I’ve read all sorts of different articles over time about personal brand. Although I never spent much effort in developing one, I’ve been really lucky to have built a positive “brand” within Network Solutions. How did this hit home? Early this week I began telling people that I am moving to a different company, with my last day being February 6th. There has been one response – almost unanimously: jaws dropped to the floor. Over time, my personal brand has become SEO = Meg Walker = indispensable. That’s really not true because there are a LOT of really bright people here who will step into the breach, especially the three team members I was lucky enough to work with in St. Louis.
When I first came to NetSol four years ago, SEO was viewed as annoying noise. Four years later, it is central to product, site design, communications, brand efforts. I refuse to take credit for all of that – although a VERY generous boss has put it that way. The buy in has been a slow process of sharing thoughts, building an understanding, presenting SEO both formally and in hallway conversations.

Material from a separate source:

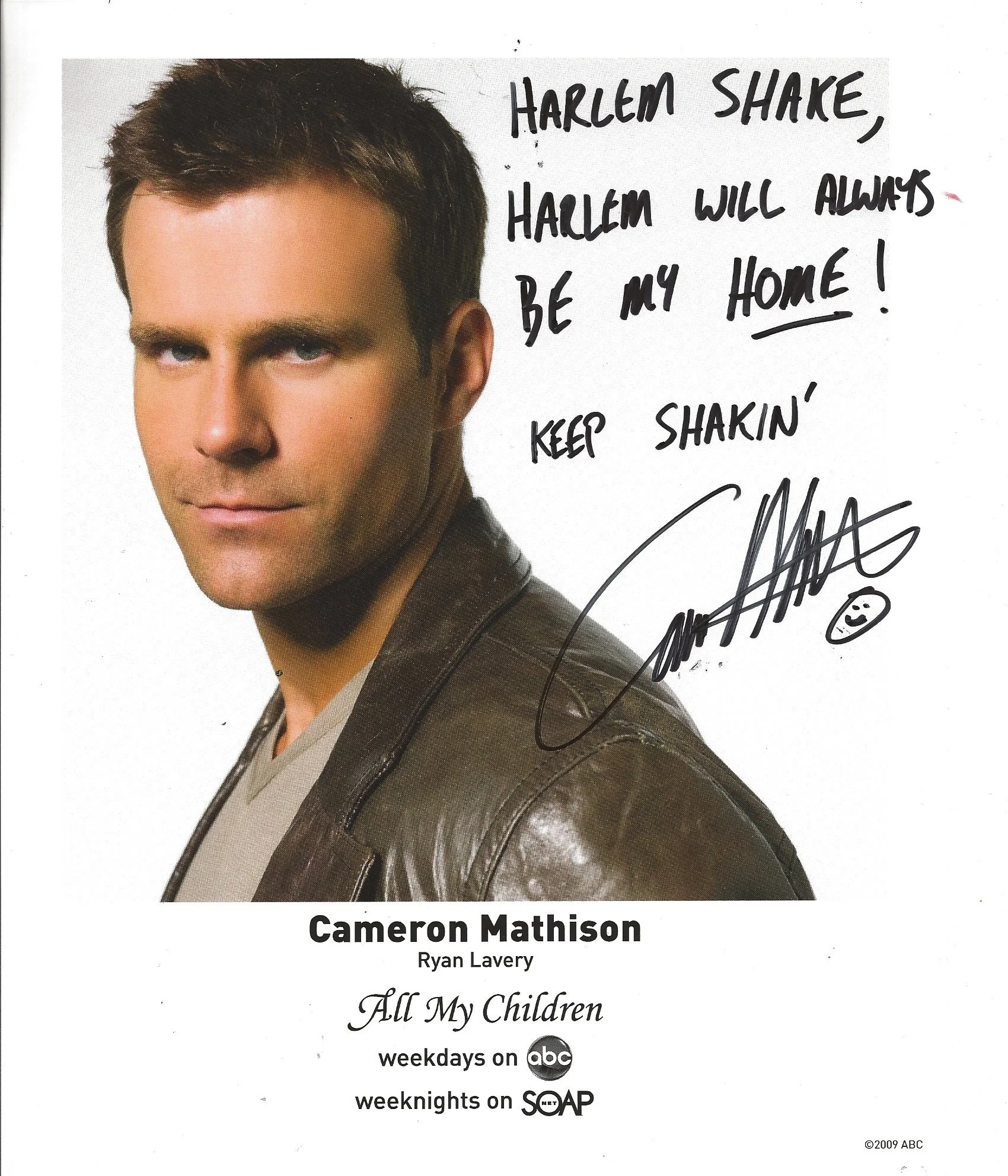 Promotional flyer featuring a young man with short brown hair and blue eyes. Text includes quotes about Harold Shake, a title with the name Cameron Mathison, and mentions of TV shows "All My Children" on ABC and "One Life to Live" on SOAP.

Throughout, I’ve tried to adhere to several rules of engagement. They have served me well here. Some of them I’ve learned along the way from some very bright and capable people.
Here are some things that I have done that seem to have worked in both building a personal brand and in getting visibility within the organization:
- Be Humble. One of my favorite books on leadership style is Servant Leadership. This book shares how true leadership is about serving the people around you – not proving that you should be a leader.

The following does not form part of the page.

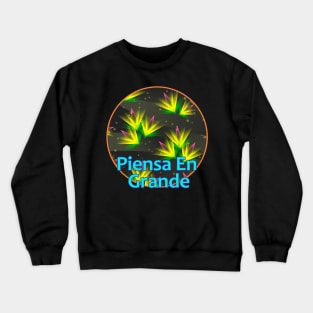 Círculo Abstracto Flores Amarillas Luminosas De Noche Crewneck Sweatshirt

- Be Positive. Even when people around you are negative – they will want to spend time talking with you, and you can talk about your area of expertise.

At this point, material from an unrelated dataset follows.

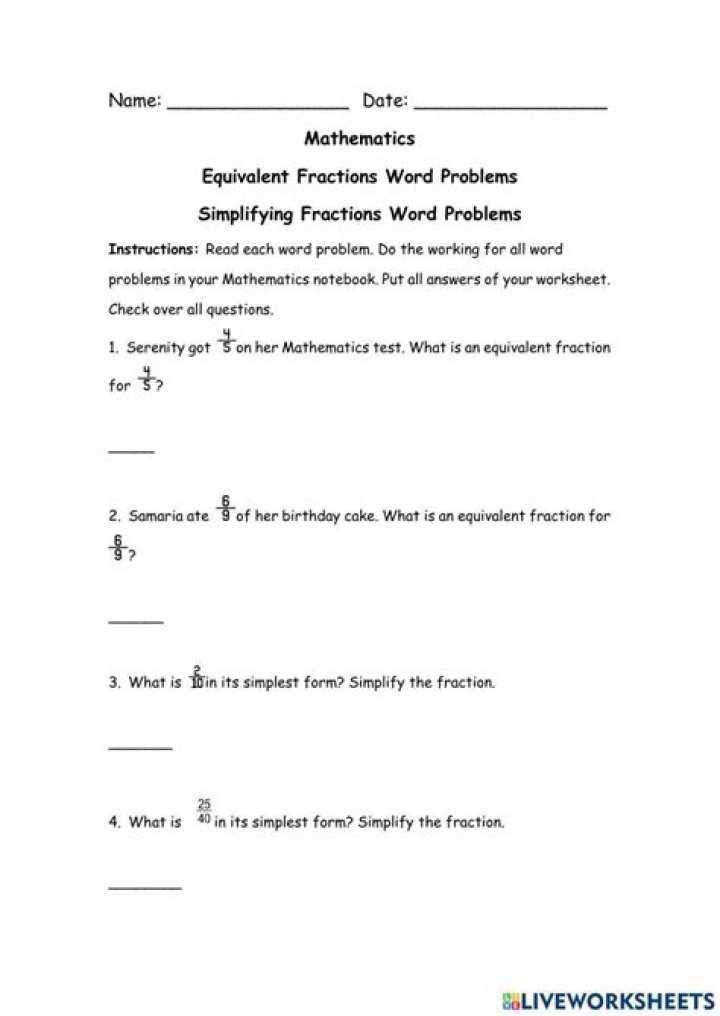 Equivalent Fractions Word Problems Worksheet PDF for Grade 3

- Be Sharp. Know what’s going on both in the company and in your area of expertise. If it is SEO or SEM, there are a lot of changes going on and being plugged into those so you can field questions is important.
- Be Flexible. There are MANY ways you can solve a problem. Sometimes it’s not the most obvious solution – or even the best – but prepare several solutions so that a truly cooperative one can be found.
- Be Firm. Gently back people away from a ledge if they are headed towards a bad decision, and don’t give in because “everybody says we should do XYZ.” Another area where being firm is important is set clear objectives and deadlines – and gently but firmly guide people towards keeping them.
- Be Understanding. Although your agenda may be the most important thing to you, it will never be for someone else. Listen first, then you are more likely to be heard. In short: CARE.
- Be Understandable. This one has been hard for me. It’s easy to assume that people know what you know. Assume that they don’t – and find common ways to help people understand what you do.
So when I can, I will post about where I am going. It will likely be a review of my first few weeks.